In the shape below, the length of BC is 3.1cm and the length of CD is 5.9cm.

Since we are given the lengths of BC and CD, we can use the cosine rule to find the angle BDC.

a) Let's denote the angle BDC as x.

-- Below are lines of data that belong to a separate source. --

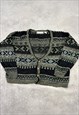 VINTAGE KNITTED CARDIGAN ABSTRACT PATTERNED GRANDAD SWEATER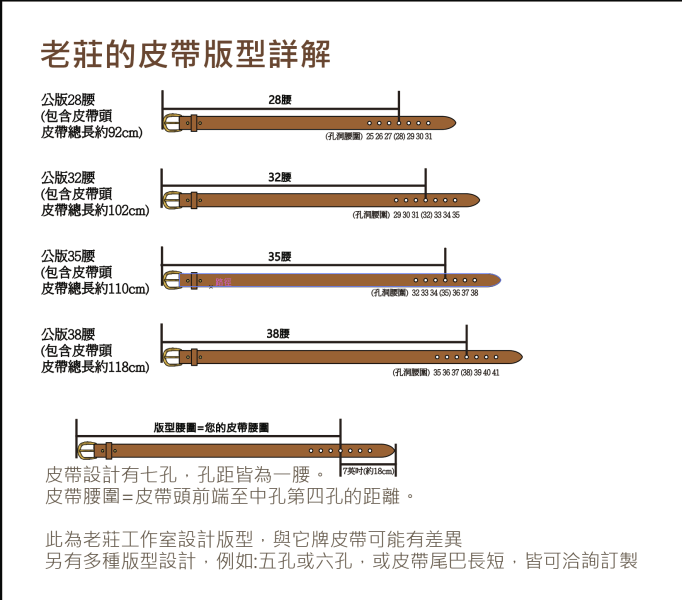 台製銅頭3.5公分寬茶色荔枝紋紳士皮帶 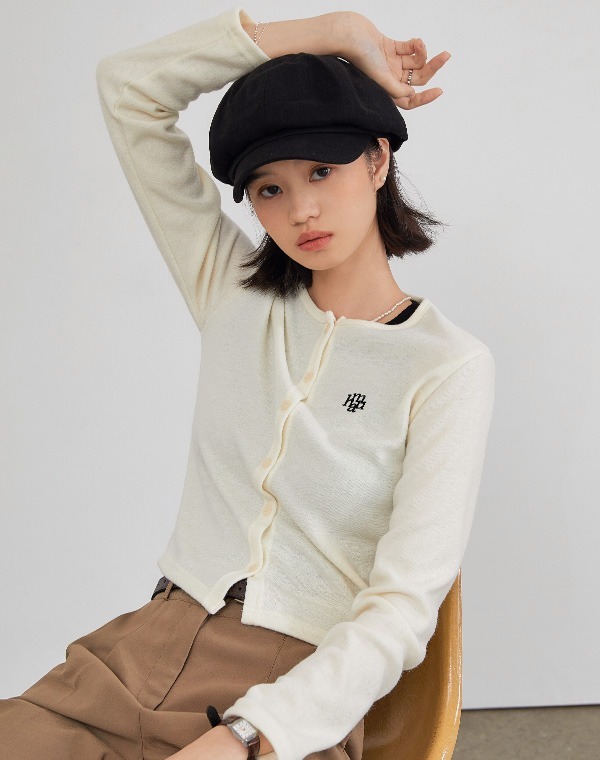 MUAH MUAH Angora Slim-Fit Cardigan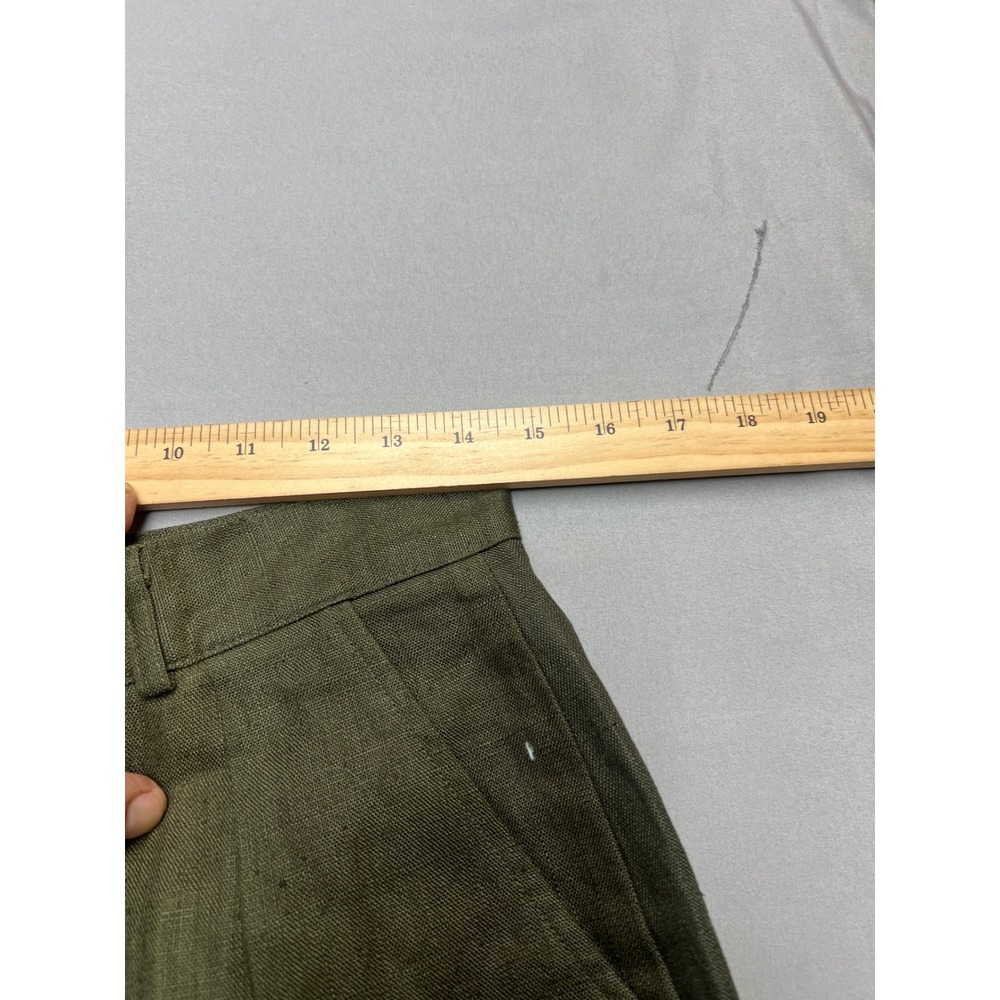Classiques Entier Olive Green 100% Linen Pleated Lined Shorts Womens 14 Vintage - Picture 5 of 7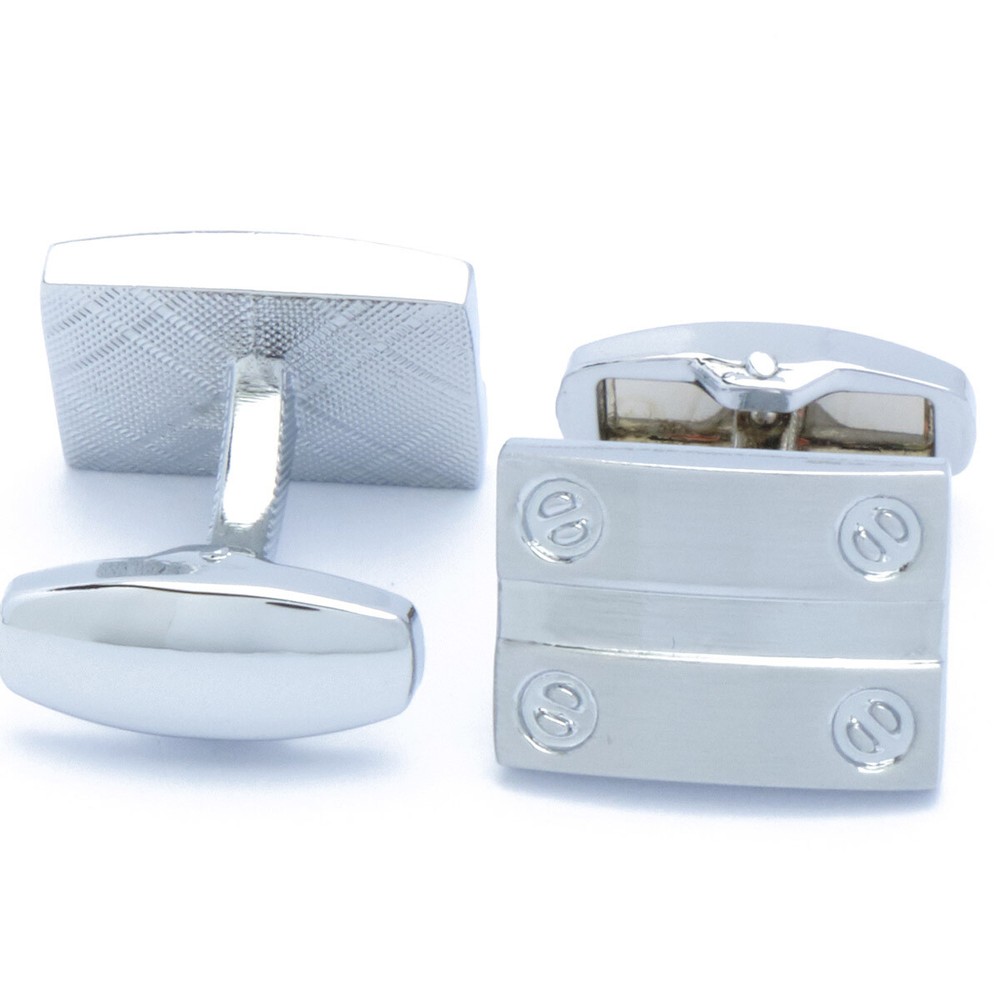 Cufflinks - Rugged Silver Rectangular
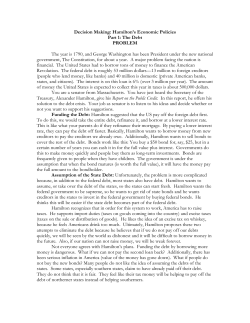 Decision Making: Hamilton`s Economic Policies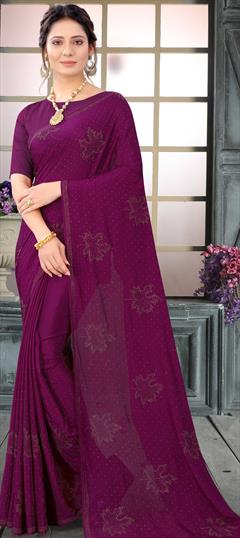Traditional, Wedding Pink and Majenta color Saree in Crepe Silk, Silk fabric with South Stone, Swarovski work : 1750971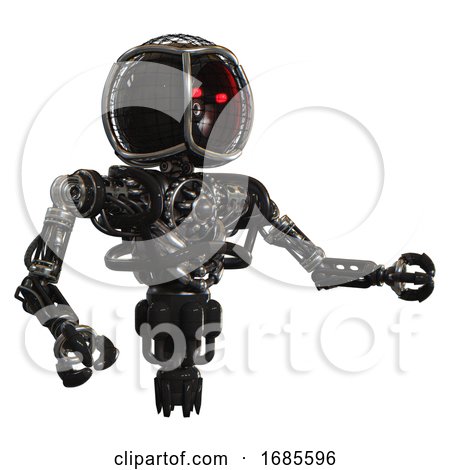 Bot Containing Round Barbed Wire Round Head and Heavy Upper Chest and No Chest Plating and Jet Propulsion. Black. Interacting. by Leo Blanchette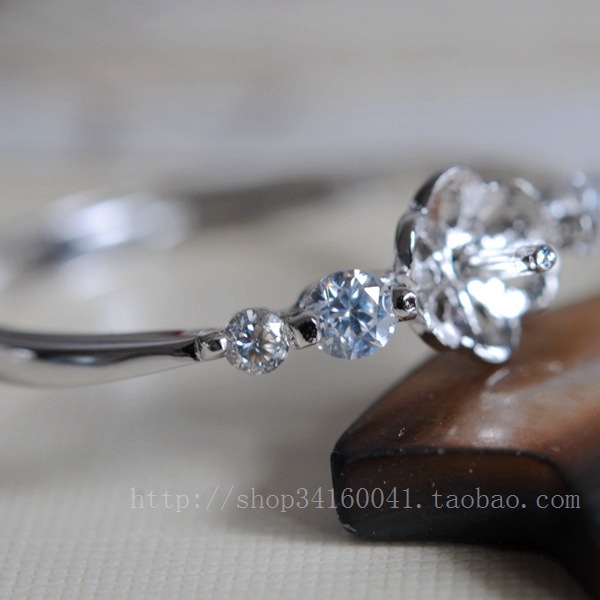 開口 半銀珍珠配件指環 鑲鋯石戒指托 對戒女戒 diy手工材料批發・進口・工廠・代買・代購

We can use the cosine rule to find x:

CD² = BC² + BD² - 2 * BC * BD * cos(x)
(5.9)² = (3.1)² + (BD)² - 2 * (3.1) * (BD) * cos(x)
34.81 = 9.61 + BD² - 6.2BD * cos(x)

We can use the cosine rule cosine rule to find the length of BD:
BD = √(BC² + CD² - 2 * BC * CD * cos(∠BDC))
BD = √(3.1² + 5.9² - 2 * 3.1 * 5.9 * cos(x))
BD = √(9.61 + 34.81 - 36.58cos(x))
BD = √44.42 - 36.58cos(x))

Now substitute BD into the equation and solve for cos(x):
34.81 = 9.61 + [√44.42 - 36.58cos(x)]² - 6.2[√44.42 - 36.58cos(x)]cos(x)
34.81 = 9.61 + 44.42 - 2(√44.42)(36.58)cos(x) + 36.58²cos²(x) - 6.2[44.42cos(x) - 36.58cos²(x))
34.81 = 54.03 - 2(√44.42)(36.58)cos(x) + 36.58²cos²(x) - 274.564cos(x) + 23.3736cos²(x)
23.22cos²(x) - 276.484cos(x) + 19.22 = 0
Solving the quadratic gives
cos(x) = 2.7073 or -3.8432
but -1 ≤ cos(x) ≤ 1 and therefore cos(x) = 0.27073

Now finding x,
cos⁻¹(0.27073) = x
x ≈ 74.9°

Therefore, the size of angle BDC is approximately 74.9°.

b) Since AC is twice the length of BC, it means AC = 2*3.1 = 6.2 cm.

Now we can use the cosine rule again to find the angle ADC:

AC² = AD² + CD² - 2 * AD * CD * cos(∠ADC)
6.2² = AD² + 5.9² - 2 * AD * 5.9 * cos(x)
38.44 = AD² + 34.81 - 11.8AD * cos(x)

Now, we already know that cos(x) = 0.27073, we can use this value to find AD:

38.44 = AD² + 34.81 - 11.8AD * 0.27073
38.44 = AD² + 34.81 - 3.19196AD
AD² - 3.19196AD + 3.63 = 0
Solving the quadratic gives
AD = 0.03995 or 3.19196
but AD must be positive, so
AD ≈ 3.19196

Now, we can find the angle ADC:
cos(∠ADC) = (AD² + CD² - AC²) / (2 * AD * CD)
cos(∠ADC) = (3.19196² + 5.9² - 6.2²) / (2 * 3.19196 * 5.9)
cos(∠ADC) = (10.1838 + 34.81 - 38.44) / (11.90296)
cos(∠ADC) = 0.341989
∠ADC = cos⁻¹(0.341989)
∠ADC ≈ 69.60°

Therefore, the size of angle ADC is approximately 69.6°.